**Task prompt:** Go to the line below containing "往き過ぎた 晩夏の光 朝散歩" and print exactly from there through the line containing "Parus major young foraging", both included. Print nothing else.

**Data under study:**
┏━━

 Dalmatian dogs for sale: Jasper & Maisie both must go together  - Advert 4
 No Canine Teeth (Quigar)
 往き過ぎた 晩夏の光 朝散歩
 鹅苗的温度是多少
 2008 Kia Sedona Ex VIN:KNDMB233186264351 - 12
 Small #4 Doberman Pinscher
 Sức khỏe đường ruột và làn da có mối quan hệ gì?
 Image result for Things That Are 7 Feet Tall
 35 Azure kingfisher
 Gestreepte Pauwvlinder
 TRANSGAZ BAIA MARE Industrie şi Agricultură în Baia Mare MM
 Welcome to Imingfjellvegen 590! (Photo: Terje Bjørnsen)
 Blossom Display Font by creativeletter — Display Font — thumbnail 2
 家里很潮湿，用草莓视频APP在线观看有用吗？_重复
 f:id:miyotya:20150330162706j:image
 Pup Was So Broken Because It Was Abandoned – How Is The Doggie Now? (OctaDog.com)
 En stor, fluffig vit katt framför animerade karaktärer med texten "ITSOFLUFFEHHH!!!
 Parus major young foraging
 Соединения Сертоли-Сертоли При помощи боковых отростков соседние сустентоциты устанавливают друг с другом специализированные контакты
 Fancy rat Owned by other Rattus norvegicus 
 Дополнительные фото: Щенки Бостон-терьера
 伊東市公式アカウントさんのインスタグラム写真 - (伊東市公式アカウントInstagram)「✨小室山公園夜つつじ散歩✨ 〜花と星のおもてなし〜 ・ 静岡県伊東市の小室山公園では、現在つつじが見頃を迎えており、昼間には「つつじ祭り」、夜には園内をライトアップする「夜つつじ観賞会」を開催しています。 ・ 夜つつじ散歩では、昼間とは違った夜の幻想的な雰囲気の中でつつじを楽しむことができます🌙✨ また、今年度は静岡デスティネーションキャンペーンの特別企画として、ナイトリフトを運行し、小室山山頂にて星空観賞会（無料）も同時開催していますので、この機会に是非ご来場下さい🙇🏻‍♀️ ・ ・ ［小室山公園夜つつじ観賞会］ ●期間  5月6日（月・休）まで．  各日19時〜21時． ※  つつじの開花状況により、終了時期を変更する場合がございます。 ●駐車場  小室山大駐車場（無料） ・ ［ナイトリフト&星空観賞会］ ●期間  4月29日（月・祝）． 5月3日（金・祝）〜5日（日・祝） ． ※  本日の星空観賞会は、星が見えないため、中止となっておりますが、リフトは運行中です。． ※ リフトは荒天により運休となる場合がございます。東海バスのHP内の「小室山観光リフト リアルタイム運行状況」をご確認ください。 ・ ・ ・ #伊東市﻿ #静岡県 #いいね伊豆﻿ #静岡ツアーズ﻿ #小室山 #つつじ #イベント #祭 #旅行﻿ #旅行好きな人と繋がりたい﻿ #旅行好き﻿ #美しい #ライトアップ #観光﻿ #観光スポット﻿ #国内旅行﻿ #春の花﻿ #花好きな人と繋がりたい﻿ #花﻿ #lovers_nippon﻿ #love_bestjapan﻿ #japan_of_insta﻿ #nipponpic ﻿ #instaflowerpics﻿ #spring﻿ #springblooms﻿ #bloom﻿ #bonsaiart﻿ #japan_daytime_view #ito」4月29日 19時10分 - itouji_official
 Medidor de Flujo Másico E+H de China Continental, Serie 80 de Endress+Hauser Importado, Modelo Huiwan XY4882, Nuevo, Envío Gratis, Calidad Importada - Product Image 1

┗━━

**Written answer:**
 往き過ぎた 晩夏の光 朝散歩
 鹅苗的温度是多少
 2008 Kia Sedona Ex VIN:KNDMB233186264351 - 12
 Small #4 Doberman Pinscher
 Sức khỏe đường ruột và làn da có mối quan hệ gì?
 Image result for Things That Are 7 Feet Tall
 35 Azure kingfisher
 Gestreepte Pauwvlinder
 TRANSGAZ BAIA MARE Industrie şi Agricultură în Baia Mare MM
 Welcome to Imingfjellvegen 590! (Photo: Terje Bjørnsen)
 Blossom Display Font by creativeletter — Display Font — thumbnail 2
 家里很潮湿，用草莓视频APP在线观看有用吗？_重复
 f:id:miyotya:20150330162706j:image
 Pup Was So Broken Because It Was Abandoned – How Is The Doggie Now? (OctaDog.com)
 En stor, fluffig vit katt framför animerade karaktärer med texten "ITSOFLUFFEHHH!!!
 Parus major young foraging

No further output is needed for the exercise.